Abrumado por la telúrica belleza de la antigua fábrica cementera de Sant Just Desvern, un municipio a las afueras de Barcelona donde ya había diseñado su emblemático Walden 7, Ricardo Bofill decidió adquirir el terreno y los restos del conglomerado industrial. Chimeneas abandonadas, silos semiderruidos, grandes naves de hormigón, desnudas, vacías, brutalistas y abruptas. ¿Quién querría vivir ahí?
El año era 1973 y el joven Ricardo Bofill, a la postre uno de los arquitectos más importantes de la historia de España, comenzó a imaginar de qué modo habría que repensar y reinventar los espacios del antiguo espacio cementero para convertirlo en un lugar habitable. Bofill y su estudio comenzaron así a derribar espacios, a desnudar la fábrica y a adecuar sus antiguos diseños industriales a propósitos habitables.
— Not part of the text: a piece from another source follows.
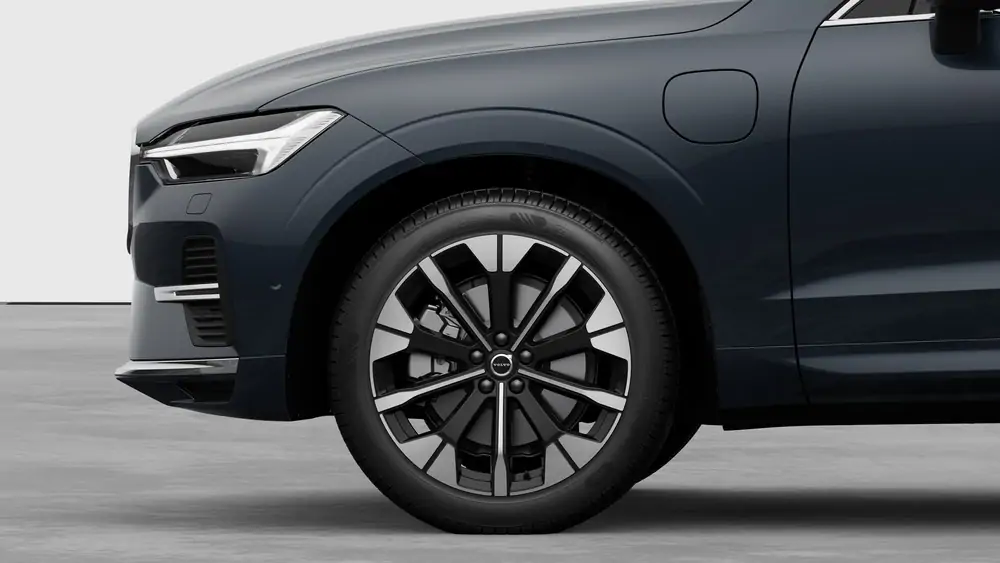 Nouveau Volvo XC60 SUV Ultimate Hybride rechargeable 4 roues motrices Denim Blue 3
Cuarenta años después, el resultado es una obra maestra y uno de los lugares donde cualquier amante de la arquitectura industrial (repasamos aquí algunas de sus icónicas bellezas repartidas por todo el mundo) querría vivir. La Fábrica, uno de los proyectos vitales de Bofill donde hoy vive y donde trabaja el grueso de su estudio, es un ejemplo maravilloso de cómo readaptar los vestigios de la industrialización a la vida y a la imaginación.
Como cuenta aquí, Bofill se quedó enamorado de los aspectos surrealistas del espacio industrial (estructuras arquitectónicas desproporcionadas, escaleras que llevaban a ninguna parte) y su carácter abrupto y desnudo (materiales crudos como el hormigón, diseños funcionales, volúmenes gigantescos). Para Bofill, el rediseño y la adaptación de La Fábrica fue una forma de demostrar que forma y función no siempre van asociados.
Con el suficiente talento, todo espacio puede ser adaptado a cualquier necesidad.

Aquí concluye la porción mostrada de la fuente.